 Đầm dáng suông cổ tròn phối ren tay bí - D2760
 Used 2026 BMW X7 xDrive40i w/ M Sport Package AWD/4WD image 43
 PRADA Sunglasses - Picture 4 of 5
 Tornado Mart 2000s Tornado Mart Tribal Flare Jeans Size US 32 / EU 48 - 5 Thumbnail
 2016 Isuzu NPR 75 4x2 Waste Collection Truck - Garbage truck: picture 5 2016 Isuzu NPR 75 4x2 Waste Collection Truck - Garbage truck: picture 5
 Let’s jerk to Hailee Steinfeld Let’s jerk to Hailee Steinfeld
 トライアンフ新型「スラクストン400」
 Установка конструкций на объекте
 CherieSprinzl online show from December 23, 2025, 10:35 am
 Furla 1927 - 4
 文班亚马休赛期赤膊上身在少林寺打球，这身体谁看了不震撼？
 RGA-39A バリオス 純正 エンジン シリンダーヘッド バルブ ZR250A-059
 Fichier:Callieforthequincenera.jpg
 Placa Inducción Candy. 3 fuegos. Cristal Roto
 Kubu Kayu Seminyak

######

What you should do
Restate the entries above word for word, beginning with their first line and ending with the line holding "文班亚马休赛期赤膊上身在少林寺打球，这身体谁看了不震撼？"; omit everything else.

Reply to the task
 Đầm dáng suông cổ tròn phối ren tay bí - D2760
 Used 2026 BMW X7 xDrive40i w/ M Sport Package AWD/4WD image 43
 PRADA Sunglasses - Picture 4 of 5
 Tornado Mart 2000s Tornado Mart Tribal Flare Jeans Size US 32 / EU 48 - 5 Thumbnail
 2016 Isuzu NPR 75 4x2 Waste Collection Truck - Garbage truck: picture 5 2016 Isuzu NPR 75 4x2 Waste Collection Truck - Garbage truck: picture 5
 Let’s jerk to Hailee Steinfeld Let’s jerk to Hailee Steinfeld
 トライアンフ新型「スラクストン400」
 Установка конструкций на объекте
 CherieSprinzl online show from December 23, 2025, 10:35 am
 Furla 1927 - 4
 文班亚马休赛期赤膊上身在少林寺打球，这身体谁看了不震撼？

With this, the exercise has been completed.